La présidente de la Fédération des communautés francophones et acadienne du Canada (FCFA), Liane Roy
La présidente de la Fédération des communautés francophones et acadienne du Canada (FCFA), Liane Roy. Gracieuseté

Immigration

Pour la FCFA, les données d’aujourd’hui démontrent le besoin d’augmenter l’immigration francophone à travers le pays. Près de 2,7 millions de Canadiens ont dit être capables de soutenir une conversation en français.

« Quand on regarde les chiffres, c’est clair que si on avait atteint nos cibles en immigration francophone, on aurait près de 2,9 millions de francophones à l’extérieur du Québec. Il n’y a rien qu’on voit aujourd’hui qui était inévitable. »

En Ontario, la cible de 5% en immigration francophone n’a jamais été atteinte depuis son implantation.

« On le dit aux deux paliers de gouvernement que c’est extrêmement important de pas juste atteindre, mais dépasser nos cibles pour être capable de rattraper le temps perdu », souligne Carol Jolin.

Ce dernier abonde dans le sens du gouvernement Ford qui veut un plus grand contrôle sur l’immigration dans la province.

Les néo-démocrates se disent peu surpris de ces chiffres, car « le gouvernement libéral échoue à accueillir plus d’immigrants francophones ».

« Il est essentiel que l’on modernise la Loi sur les langues officielles et que l’on renforce le projet de loi du gouvernement afin d’y intégrer des objectifs de rattrapage démographique pour les communautés francophones en situation minoritaire », indique par courriel la députée Niki Ashton.

La députée Niki Ashton. Source : Twitter.

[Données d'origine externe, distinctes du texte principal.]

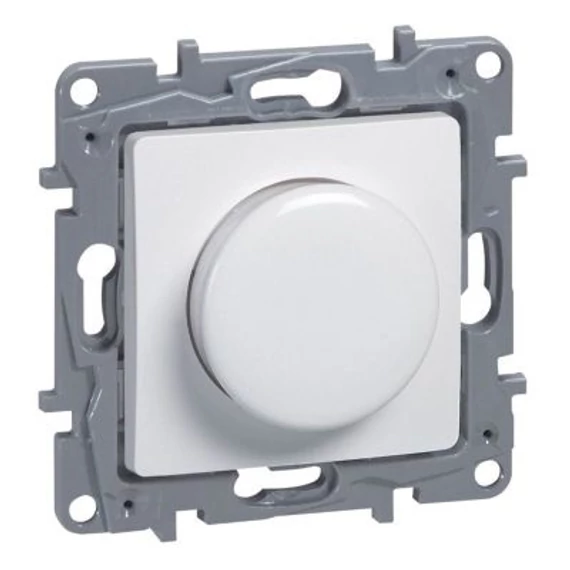 LEGRAND Niloé két vezetékes fényerőszabályzó fehér 400W (665117)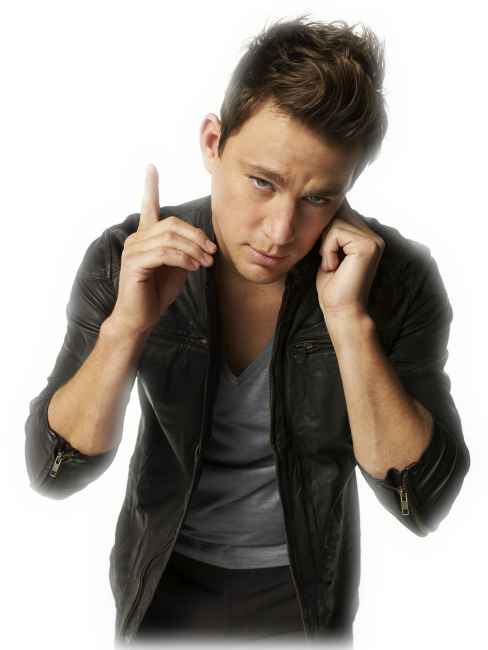 Channing Tatum Png Free Download - Channing Tatum Png (488x650), Png Download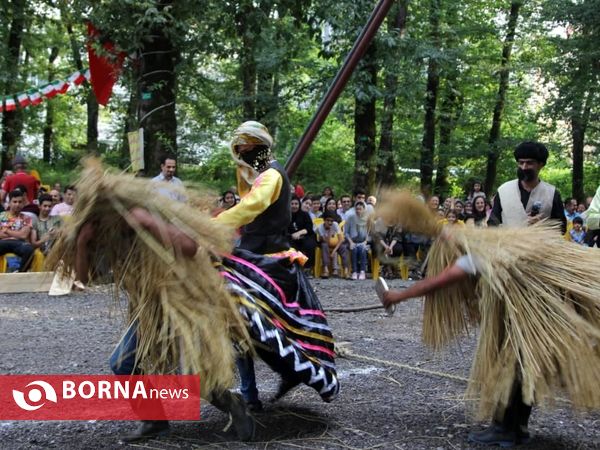 نخستین جشنواره اقوام استان گیلان _ لاهیجان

De son côté, le Bloc Québécois dit s’inquiéter de l’augmentation de l’anglais au pays et au Québec soutenant que « le Québec doit être maître d’oeuvre de sa propre politique linguistique ».

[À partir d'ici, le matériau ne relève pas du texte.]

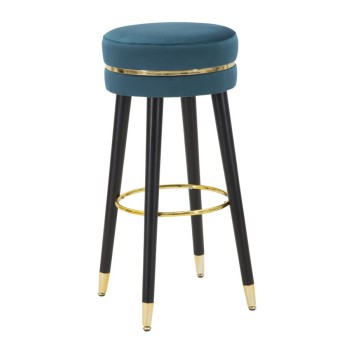 PARIS TEAL/GOLD BARHOCKER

« C’est même pire que je pensais. C’est très inquiétant pour les communautés francophones et acadiennes. Comme c’est le cas à peu près tous les recensements depuis la Loi sur les langues officielles, la proportion de francophones diminue (…) Quand on nous dit que c’est beau l’augmentation du bilinguisme à la maison ou l’usage de plusieurs langues régulièrement à la maison, c’est normalement le prélude à l’assimilation », dénonce le député Mario Beaulieu.